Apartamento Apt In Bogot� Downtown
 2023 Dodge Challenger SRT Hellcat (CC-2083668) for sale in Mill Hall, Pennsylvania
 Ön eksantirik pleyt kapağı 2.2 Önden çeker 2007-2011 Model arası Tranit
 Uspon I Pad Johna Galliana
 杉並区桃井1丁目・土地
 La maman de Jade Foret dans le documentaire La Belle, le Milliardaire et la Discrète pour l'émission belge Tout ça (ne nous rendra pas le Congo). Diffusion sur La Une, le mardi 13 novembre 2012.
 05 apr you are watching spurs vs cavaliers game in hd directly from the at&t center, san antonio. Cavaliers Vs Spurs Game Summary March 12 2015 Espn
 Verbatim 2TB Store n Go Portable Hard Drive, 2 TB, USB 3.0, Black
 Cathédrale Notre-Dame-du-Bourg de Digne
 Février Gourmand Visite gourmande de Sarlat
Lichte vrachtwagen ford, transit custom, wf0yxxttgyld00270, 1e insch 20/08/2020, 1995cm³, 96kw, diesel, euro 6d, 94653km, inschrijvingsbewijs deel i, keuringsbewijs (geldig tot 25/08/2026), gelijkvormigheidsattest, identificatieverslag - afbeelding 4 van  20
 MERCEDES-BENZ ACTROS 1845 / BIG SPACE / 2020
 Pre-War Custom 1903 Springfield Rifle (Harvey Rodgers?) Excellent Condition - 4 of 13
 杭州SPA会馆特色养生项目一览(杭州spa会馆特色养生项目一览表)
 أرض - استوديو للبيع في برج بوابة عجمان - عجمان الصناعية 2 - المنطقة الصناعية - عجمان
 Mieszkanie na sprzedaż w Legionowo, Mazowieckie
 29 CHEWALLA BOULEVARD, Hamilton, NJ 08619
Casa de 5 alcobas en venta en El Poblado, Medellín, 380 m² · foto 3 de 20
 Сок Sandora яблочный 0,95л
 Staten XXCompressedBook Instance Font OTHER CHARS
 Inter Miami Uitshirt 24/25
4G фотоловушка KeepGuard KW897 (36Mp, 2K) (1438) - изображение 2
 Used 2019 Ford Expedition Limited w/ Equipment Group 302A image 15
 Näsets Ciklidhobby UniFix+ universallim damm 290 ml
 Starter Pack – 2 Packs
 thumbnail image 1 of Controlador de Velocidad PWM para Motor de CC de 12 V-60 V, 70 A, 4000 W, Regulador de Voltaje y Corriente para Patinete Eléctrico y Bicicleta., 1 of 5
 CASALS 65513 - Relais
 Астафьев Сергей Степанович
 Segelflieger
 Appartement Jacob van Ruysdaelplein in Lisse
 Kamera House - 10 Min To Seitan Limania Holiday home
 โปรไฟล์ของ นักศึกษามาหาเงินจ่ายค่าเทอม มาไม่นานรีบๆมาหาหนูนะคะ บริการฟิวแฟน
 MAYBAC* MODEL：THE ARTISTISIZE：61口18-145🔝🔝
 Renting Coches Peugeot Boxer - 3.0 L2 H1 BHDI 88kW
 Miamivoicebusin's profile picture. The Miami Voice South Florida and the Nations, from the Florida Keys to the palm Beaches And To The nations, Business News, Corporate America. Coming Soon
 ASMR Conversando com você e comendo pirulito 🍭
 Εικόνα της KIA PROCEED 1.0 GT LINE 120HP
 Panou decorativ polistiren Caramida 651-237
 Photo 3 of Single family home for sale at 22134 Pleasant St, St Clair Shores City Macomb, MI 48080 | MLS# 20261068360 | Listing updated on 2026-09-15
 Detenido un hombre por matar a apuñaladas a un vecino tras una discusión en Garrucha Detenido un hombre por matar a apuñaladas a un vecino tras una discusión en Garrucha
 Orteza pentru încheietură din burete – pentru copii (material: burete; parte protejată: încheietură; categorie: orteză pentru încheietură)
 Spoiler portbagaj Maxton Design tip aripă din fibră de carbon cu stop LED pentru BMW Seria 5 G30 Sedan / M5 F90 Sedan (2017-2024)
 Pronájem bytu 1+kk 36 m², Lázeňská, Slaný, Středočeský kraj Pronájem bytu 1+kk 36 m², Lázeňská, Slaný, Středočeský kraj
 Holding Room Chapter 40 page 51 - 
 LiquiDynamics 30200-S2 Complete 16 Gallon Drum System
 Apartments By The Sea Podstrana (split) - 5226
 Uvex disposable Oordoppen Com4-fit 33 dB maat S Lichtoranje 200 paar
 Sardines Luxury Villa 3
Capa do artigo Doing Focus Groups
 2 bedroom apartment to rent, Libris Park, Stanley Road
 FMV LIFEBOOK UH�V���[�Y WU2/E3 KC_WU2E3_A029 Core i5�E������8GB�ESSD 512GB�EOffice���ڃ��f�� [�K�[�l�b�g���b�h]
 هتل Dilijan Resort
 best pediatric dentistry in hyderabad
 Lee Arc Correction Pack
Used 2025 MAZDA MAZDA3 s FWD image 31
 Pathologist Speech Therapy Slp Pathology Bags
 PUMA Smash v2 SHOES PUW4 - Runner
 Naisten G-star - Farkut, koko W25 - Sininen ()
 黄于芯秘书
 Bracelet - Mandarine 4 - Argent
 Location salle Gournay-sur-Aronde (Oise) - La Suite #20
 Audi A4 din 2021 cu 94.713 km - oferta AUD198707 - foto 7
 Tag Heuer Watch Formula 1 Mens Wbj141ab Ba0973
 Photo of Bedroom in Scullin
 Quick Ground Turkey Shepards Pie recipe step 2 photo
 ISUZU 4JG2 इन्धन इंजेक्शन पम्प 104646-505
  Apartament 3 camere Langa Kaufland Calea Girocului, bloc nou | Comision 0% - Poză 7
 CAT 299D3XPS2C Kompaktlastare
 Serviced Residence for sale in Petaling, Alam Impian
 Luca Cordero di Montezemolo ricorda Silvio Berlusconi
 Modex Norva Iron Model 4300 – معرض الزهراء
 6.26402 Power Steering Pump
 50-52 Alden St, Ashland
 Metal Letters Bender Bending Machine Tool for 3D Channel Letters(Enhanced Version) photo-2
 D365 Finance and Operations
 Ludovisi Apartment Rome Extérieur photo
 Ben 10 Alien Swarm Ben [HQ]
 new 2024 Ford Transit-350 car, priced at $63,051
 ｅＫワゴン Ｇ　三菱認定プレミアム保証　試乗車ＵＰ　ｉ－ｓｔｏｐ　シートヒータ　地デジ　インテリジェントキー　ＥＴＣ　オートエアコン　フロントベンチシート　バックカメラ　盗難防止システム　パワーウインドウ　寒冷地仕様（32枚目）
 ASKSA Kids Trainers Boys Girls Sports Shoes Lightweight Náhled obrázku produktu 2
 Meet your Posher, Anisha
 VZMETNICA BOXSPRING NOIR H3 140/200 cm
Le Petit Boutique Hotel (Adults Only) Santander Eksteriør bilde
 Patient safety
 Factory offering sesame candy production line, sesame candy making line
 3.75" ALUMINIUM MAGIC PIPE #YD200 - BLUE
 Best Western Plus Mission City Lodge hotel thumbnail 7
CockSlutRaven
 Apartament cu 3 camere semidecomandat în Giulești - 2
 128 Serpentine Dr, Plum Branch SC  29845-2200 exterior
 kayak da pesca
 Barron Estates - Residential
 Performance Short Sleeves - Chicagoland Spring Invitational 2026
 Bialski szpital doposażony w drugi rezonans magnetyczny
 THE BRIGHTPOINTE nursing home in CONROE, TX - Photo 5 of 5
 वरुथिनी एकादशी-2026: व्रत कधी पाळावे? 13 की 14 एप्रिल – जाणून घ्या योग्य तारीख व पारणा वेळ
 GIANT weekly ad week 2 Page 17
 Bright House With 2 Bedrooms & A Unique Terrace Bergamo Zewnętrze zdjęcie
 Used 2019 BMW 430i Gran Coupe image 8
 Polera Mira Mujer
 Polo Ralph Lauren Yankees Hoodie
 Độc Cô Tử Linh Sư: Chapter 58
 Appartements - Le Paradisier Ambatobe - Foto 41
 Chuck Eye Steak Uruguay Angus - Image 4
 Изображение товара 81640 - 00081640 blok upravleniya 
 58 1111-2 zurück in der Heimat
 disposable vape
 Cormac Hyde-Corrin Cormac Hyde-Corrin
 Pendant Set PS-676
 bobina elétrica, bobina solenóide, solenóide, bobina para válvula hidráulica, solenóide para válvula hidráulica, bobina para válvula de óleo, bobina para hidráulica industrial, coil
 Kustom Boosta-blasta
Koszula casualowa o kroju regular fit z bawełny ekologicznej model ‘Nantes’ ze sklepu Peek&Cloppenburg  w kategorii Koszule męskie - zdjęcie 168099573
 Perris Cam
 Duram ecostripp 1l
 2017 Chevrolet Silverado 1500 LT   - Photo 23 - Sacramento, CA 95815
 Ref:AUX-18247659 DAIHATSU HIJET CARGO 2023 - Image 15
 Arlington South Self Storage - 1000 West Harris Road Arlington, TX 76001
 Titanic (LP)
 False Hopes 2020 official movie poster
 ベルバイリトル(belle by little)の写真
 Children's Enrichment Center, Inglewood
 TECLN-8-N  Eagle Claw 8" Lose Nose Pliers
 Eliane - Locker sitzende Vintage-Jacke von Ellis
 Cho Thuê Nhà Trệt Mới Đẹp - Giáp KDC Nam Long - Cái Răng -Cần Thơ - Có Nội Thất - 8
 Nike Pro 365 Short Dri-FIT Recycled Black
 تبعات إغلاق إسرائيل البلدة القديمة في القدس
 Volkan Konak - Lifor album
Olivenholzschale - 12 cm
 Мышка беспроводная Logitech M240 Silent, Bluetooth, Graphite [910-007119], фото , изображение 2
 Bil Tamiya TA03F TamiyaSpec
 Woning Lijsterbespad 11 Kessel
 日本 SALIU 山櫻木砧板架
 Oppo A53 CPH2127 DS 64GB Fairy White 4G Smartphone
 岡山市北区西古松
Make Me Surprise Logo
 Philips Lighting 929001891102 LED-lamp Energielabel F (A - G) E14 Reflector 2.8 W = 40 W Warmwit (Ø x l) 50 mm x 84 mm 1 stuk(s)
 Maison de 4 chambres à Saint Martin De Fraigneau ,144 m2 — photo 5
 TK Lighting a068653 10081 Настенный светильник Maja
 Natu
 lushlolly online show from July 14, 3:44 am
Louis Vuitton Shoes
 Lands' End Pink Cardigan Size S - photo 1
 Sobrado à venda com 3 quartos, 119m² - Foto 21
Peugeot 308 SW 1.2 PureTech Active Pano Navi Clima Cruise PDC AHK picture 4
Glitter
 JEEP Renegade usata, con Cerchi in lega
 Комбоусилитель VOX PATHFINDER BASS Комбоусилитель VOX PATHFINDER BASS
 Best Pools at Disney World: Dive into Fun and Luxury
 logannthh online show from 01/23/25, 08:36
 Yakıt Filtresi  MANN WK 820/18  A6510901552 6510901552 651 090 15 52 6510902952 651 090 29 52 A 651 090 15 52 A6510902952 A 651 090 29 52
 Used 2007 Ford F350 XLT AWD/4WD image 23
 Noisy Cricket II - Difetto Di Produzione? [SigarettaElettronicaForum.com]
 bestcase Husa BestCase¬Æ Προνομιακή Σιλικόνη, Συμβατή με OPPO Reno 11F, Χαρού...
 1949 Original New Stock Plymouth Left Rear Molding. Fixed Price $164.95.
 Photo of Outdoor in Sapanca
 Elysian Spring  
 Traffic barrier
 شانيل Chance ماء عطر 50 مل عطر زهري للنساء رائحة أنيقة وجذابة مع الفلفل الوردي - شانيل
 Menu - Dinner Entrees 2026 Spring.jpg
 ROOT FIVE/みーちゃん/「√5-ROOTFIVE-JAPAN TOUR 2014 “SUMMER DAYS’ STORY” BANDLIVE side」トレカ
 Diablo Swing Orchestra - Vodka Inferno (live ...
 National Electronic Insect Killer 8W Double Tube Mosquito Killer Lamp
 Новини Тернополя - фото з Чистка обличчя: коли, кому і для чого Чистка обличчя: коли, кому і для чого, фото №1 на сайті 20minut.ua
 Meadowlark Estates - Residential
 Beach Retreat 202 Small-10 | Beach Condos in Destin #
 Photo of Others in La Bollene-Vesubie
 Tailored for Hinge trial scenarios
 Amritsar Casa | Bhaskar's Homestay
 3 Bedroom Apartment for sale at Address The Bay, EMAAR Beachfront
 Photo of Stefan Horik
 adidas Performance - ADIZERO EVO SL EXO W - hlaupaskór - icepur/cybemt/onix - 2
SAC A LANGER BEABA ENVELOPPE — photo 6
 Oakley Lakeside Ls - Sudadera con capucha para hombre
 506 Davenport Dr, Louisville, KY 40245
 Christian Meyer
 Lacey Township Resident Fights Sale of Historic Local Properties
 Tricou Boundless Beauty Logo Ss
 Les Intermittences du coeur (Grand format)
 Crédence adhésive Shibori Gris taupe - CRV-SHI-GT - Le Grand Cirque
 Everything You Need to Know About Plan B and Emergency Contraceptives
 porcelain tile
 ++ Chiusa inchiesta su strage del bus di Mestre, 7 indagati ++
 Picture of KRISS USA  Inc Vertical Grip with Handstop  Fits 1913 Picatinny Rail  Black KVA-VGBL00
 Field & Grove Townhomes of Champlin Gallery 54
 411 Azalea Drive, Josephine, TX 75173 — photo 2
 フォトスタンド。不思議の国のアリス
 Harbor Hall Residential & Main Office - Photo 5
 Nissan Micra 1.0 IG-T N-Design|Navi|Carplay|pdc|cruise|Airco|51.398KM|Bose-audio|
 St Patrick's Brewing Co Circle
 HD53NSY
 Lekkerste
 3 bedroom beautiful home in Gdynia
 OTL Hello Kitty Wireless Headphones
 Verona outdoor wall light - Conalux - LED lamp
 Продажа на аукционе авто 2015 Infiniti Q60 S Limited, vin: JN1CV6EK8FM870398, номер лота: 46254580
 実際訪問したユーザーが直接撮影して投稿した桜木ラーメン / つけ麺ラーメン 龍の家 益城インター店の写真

====

- [PROBLEM DESCRIPTION]:
Look through the entries for the string "pentru". Every line that has it belongs in the answer.

- [YOUR RESPONSE]:
 Orteza pentru încheietură din burete – pentru copii (material: burete; parte protejată: încheietură; categorie: orteză pentru încheietură)
 Spoiler portbagaj Maxton Design tip aripă din fibră de carbon cu stop LED pentru BMW Seria 5 G30 Sedan / M5 F90 Sedan (2017-2024)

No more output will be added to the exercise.